International Committee of the Red Cross

ICRC president's address: Peace-building and conflict prevention

Statement 25 April 2018

In fragile contexts, around the world, we are facing a protection crisis. Its roots lie in the grave, ongoing failure of the international community to protect ordinary men, women and children caught up in conflicts and the inability to fundamentally change the behaviors of belligerents.

The ICRC is a daily witness to the devastating impact of war and violence and we welcome the increased focus on conflict prevention and peace-building. It comes at a critical time:

  • In the absence of political solutions in too many contexts;
  • As conflicts are increasingly protracted, resulting not only in immediate devastation, but long-term erosion of infrastructure and social systems; and
  • With expanding areas of fragility, where sporadic violence can spiral into the conflicts of tomorrow.

Frontline humanitarian action is a vital stabilizing factor in fragmentized environments and a building-block for peace.

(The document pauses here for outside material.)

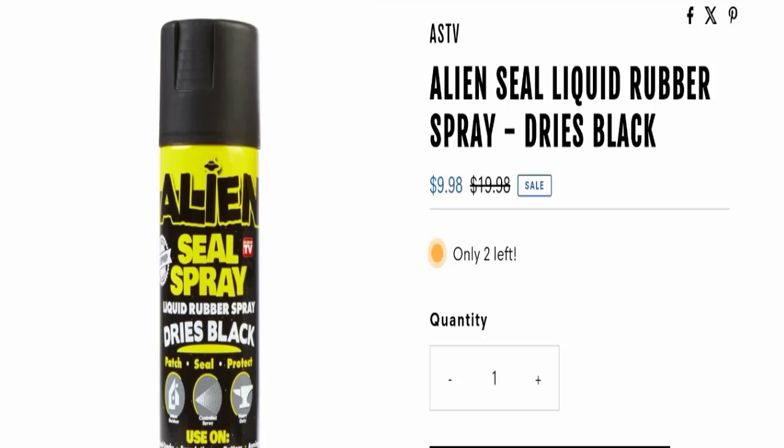Hello everyone and welcome back to my YouTube channel in Scam Advice. Today's video is about Alien Seal Spray reviews. We are going to provide you with an unbiased review in this video, so please stay connected with us. If you are going to buy this product, please watch this full detailed video before buying.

As too is the promotion of international humanitarian law. Without the stabilizing effect of both - frontline action, and international humanitarian law's respect - without this stabilizing action there is little chance for sustainable peace or for preventing armed conflict.

Indeed, humanitarian assistance is not an objective in itself but can pave the way for peace. Our principle of humanity, which guides the work of the entire Red Cross Red Crescent Movement, is to 'promote mutual understanding, friendship, cooperation and lasting peace amongst all peoples'.

Today the ICRC is fulfilling varying requests to act as a neutral intermediary in conflict. We are called on to prevent relations from deteriorating, prevent conflicts from escalating, or to find mutual trust-building measures that would help advance peace. Our mode of working is distinct, drawing on our humanitarian experience and relying on the principles of neutrality, independence and impartiality.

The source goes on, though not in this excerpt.